The statue, which stands on a short circular base, is roughly life-size and made of a fine-grained white marble with slight grey veining. The base has been smoothed around the edges but left rough on the top to simulate sand, an illusion further supported by two seashells. Hero holds a torch aloft in her right hand and clutches the folds of her himation and chiton with her left, which have fallen away to reveal her right breast.
The motion of the statue changes depending on the viewer’s perspective. From the right side, Hero seems to hunch forward, leaning into the light of her torch but still remaining stationary. The diagonal line of her hairstyle matches that of the torch, leading the viewer’s eye in the same direction as her own. As one moves counter-clockwise toward the front, her eyes are blocked, and the focus is at once switched to her disheveled state, the raised arm, garment folds, and extended left foot acting almost as a frame. A head-on perspective reveals her full facial expression, knitted brows and wide, staring eyes drawing the viewer into her distress. Seen from the left and back, however, Hero takes on a distinctly awkward pose, with a strong diagonal formed by the recessed back leg and extended right arm.
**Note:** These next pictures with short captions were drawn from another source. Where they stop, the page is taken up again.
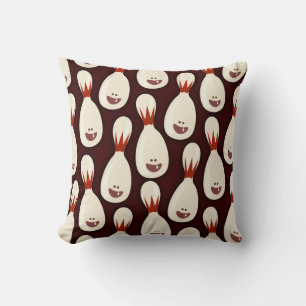 Little Pinhead Fun Bowling Time Cool Pattern Cushion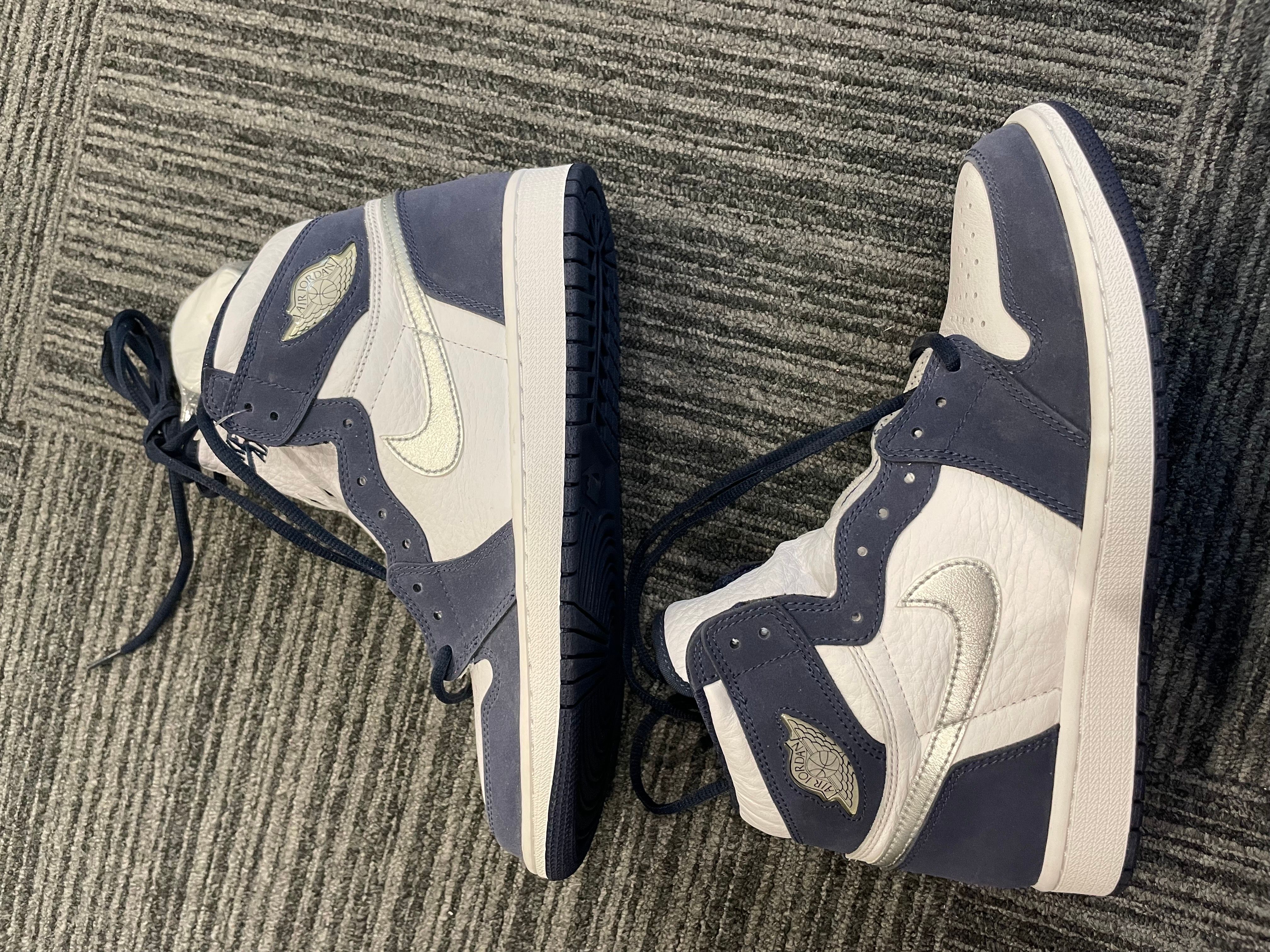 Nike Air Jordan 1 High OG CO.JP "White/Midnight Navy" (2020)(ブリーフケースなし)
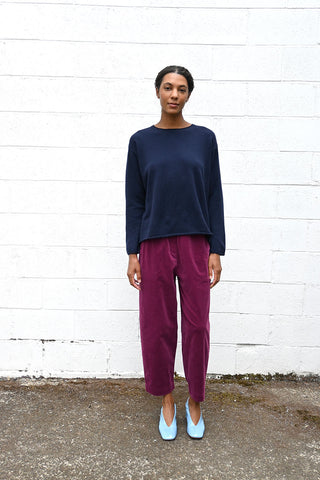Oversized Navy Pullover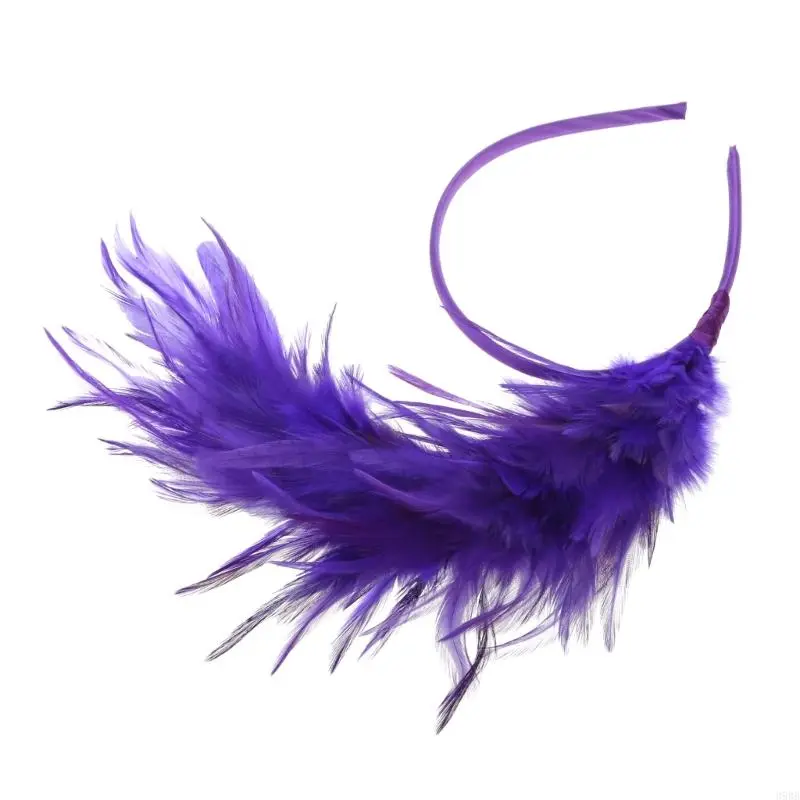Headband 1920s Burlesque Headpiece With Feathers Flapper Headband Flapper Headpiece Mardi Gras Headband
Whether this is due to an unintended viewing angle or simply a lack of experience on Story’s part—as he had not yet fully formulated his canon of proportions—is unclear.
Provenance
We know from a letter to Enrico Nencioni, an Italian poet and literary critic, that Story had conceived of the idea and embarked on modeling Hero after his return to Rome in 1856.2 The Cosmopolitan Art Journal further informs us that the full-scale model was completed by March of 1857, while Nathaniel Hawthorne remarks that it was in the process of being transferred into marble during his visit to the studio on February 12, 1858.3 The statue was finished by November of that same year.4 It was met with rave reviews and even had a potential buyer by January 1859 (one Colonel Greene, who promised to purchase it, along with a painting by one of Story’s close friends, provided that his new rifle patent did well).5 Unfortunately, a review by the London Spectator in 1863 detailing Story’s recent works lists Hero as a resident in the studio.6 The statue was eventually acquired by a William Douglas of New York, before ending up at the Old Post Road Gallery in Larchmont, New York, sometime during the 1970s or ’80s, after which Hero made her way into the West Foundation collection and thence to the High Museum.
Reception
Despite the lack of patrons or commissioned copies, Hero Looking for Leander was quite well received by Story’s contemporaries. Hawthorne was among the first to see the statue in progress and wrote in his journal that “in the outer room of his studio a stone-cutter, or whatever this kind of artisan is called, was at work, transferring the statue of Hero from the plaster-cast into marble; and already, though still in some respects a block of stone, there was a wonderful degree of expression in the face.”7 One critic, Atelier, writing for the Cosmopolitan Art Journal in June of 1857, was a bit more reserved in his praise, saying that it was a “very promising, finely conceived work. It certainly shows with what success he has applied himself to the study of antiques.” While Atelier reserved his praise for more established artists such as Harriet Hosmer and Thomas Crawford, he noted that Story was “yet comparatively young and may do much for the art-taste of his country.”8
Atelier may have had a valid point when criticizing the “art-taste” of America, as many of the American visitors to Story’s studio came across as remarkably uncultured. The artist kept a list of humorous anecdotes from these visits, and his circle of friends took note of them as well. Hawthorne, for example, notes that a certain American “remarked of a statue of Hero, who is seeking Leander by torchlight, and in momentary expectation of finding his drowned body, ‘Is not the face a little sad?’”9
In 1860, the Dublin University Magazine printed a glowing article on Story, highlighting his many fine works and excellent character. The article, titled “American Imaginings,” was reprinted that July in Dwight’s Journal of Music for the benefit of Story’s friends and family in Boston. The author praised Cleopatra (fig. 3) first and foremost in order to, as the author says, provide an excuse for “entering her modeler’s studio, thence to illustrate and enlarge our remarks upon the strange promise which the training of American realism is making to the ideal.” He first provides a laudatory description of Story’s Red Riding Hood, and “then there is Hero, still in girlish form, lifting a torch, which shows an agony in the sweet eyes of the watcher, whose dainty naked feet are set upon the sand of that cruel Hellespont.”10 Here she takes her place in a timeline of Story’s genius, leading up to the artistic glory of Cleopatra.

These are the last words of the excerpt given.